当院での痔瘻オペ:佐原力三朗先生(牧田病院)は肛門機能の温存術式を行っておりますが、それに習い、当院では、可能なかぎり、機能性をも重視した手術を行なっており 内括約筋をも温存した手術では再発例はほぼありませんでした。2017年から当院での主たる肛門の手術例の約50%は痔瘻です(一般的には、痔瘻の手術の割合は、肛門手術の10-20%です)。
排便時出血や、痛みで驚いてこられる方がいますが、症状がでてすぐ来られるかたは、急性の裂肛の方が多く、痛みは比較的強いのですが、診断がつき、安心され原因となっている便秘や、刺激の強い食事などが、指導により修正されますと、よい経過の方が多いかと思います。

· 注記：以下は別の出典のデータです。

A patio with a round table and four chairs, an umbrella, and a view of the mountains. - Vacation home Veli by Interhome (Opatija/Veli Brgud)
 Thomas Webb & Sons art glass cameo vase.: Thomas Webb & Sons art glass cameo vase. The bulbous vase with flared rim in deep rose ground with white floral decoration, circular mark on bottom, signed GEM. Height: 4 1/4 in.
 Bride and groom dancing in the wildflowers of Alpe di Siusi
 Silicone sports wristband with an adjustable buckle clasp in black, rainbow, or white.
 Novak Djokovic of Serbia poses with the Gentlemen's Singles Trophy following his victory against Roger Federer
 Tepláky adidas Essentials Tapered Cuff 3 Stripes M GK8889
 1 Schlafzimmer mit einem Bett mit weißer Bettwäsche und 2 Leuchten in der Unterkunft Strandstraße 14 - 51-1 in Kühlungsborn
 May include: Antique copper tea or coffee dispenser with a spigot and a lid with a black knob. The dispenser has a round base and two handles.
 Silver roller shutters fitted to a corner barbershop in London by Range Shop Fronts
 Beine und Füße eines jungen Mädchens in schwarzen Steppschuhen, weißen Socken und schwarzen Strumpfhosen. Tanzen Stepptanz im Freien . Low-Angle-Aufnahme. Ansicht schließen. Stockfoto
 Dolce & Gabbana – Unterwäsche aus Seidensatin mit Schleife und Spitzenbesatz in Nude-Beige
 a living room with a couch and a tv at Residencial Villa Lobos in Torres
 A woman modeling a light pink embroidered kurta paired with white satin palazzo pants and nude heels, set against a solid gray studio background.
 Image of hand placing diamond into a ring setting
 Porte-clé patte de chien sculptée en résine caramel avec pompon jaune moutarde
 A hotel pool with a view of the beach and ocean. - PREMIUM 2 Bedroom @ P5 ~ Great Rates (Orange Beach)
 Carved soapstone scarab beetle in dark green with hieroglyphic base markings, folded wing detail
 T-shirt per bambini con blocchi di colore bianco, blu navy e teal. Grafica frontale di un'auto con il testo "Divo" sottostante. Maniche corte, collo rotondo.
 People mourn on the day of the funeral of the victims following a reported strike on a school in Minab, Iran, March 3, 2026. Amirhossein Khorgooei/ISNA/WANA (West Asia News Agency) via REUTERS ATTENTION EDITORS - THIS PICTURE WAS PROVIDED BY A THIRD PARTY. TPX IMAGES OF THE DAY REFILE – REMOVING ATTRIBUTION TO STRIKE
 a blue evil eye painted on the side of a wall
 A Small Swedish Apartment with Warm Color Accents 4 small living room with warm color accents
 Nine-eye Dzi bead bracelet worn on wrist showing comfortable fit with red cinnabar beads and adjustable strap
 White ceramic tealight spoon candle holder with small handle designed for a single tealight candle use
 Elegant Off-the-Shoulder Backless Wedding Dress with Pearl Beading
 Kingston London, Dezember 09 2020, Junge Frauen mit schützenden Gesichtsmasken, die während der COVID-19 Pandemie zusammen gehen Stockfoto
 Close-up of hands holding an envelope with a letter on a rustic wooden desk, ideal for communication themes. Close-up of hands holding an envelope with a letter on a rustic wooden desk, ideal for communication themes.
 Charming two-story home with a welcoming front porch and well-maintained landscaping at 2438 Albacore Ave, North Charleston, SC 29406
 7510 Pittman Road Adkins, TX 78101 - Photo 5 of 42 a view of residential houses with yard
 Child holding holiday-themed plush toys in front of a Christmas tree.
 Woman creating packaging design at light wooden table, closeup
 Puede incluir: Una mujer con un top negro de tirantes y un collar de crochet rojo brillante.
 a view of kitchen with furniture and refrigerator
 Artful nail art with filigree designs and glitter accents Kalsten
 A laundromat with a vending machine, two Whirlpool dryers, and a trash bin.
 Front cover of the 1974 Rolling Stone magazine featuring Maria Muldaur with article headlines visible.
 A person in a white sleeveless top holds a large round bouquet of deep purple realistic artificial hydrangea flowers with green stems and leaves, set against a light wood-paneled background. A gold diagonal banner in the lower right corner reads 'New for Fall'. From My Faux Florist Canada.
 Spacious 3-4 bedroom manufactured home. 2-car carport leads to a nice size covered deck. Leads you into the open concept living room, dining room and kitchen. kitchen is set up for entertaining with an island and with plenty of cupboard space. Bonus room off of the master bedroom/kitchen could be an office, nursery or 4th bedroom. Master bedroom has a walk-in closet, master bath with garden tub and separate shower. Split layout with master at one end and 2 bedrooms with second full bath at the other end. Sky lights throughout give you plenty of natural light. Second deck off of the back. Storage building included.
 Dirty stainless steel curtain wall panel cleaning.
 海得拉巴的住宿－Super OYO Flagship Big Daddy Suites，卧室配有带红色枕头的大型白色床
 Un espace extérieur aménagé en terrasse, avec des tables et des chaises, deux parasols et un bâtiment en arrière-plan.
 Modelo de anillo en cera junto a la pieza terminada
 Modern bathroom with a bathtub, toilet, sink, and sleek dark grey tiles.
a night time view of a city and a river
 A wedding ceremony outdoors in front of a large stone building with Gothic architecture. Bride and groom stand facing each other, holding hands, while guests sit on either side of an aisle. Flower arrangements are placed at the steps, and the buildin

しかし、肛門狭窄をきたしている場合、軟膏治療でも奏功しない場合、あるいは数年にわたり、症状があったにも関わらず、そのまま放置されていた例では、治療困難ともなりうります。そのような例では、手術の対象となります。手術では、便秘や下痢など、排便習慣が原因としてありますので、手術後も再発がありうり、かなりの狭窄が進んでからのでの手術は複雑となりうりますので、早めの受診、治療が勧められます。実際の手術後は、しばらくぶりの快適な排便に戻り苦痛から逃れられた様子は隠せないのが現状です。
デジタル肛門鏡を手術中や診察中にも活用し、希望により、画像を提供し御納得の上、手術をすすめます。 例えば、病状によっては、術式の選択(例:注射にするか切除にするか)を要所、要所で画像見ていただき、御相談の上、決める場合もあります
先ず、原因となる消化液の元となる痔核の脱出や、炎症そのものである痔瘻などがないか診察をします。診察と同時に真菌、細菌の検査し、適切な軟膏などの治療を選択して経過観察します。その間、皮膚所見の変化が重要となりますので、画像を記録し、その変化を見ます。なかには原因不明の湿疹もありますが、ほとんど軟膏や生活指導で改善していきます。
内容 | 2020 | 2019 | 2018 | 2017 | 2016 |
---|---|---|---|---|---|
痔核 Hemorrhoids | 52 | 55 | 43 | 49 | 67 |
痔瘻 Anal fistulae | 38 | 40 | 37 | 36 | 36 |
裂肛 Anal fissures | 10 | 12 | 5 | 4 | 12 |
肛門周囲膿瘍.血栓摘出 Peri proctologic abscess, external Hemmorrhoids thrombosis |
89 | 97 | 97 | 103 | 115 |
他のオペ other surgeries | 23 | 32 | 27 | 37 | 12 |
内視鏡的大腸ポリープ切除 Endoscopic polypectomy | 89 | 68 | 48 | 47 | 36 |
大腸内視鏡 Colonoscopy | 176 | 171 | 176 | 165 | 122 |
胃十二指腸ファイバー | 124 | 119 | 141 | 116 | 103 |
2019/12時点
*The others: skin mass (皮下腫瘤) and Condyloma acuminatum and so on.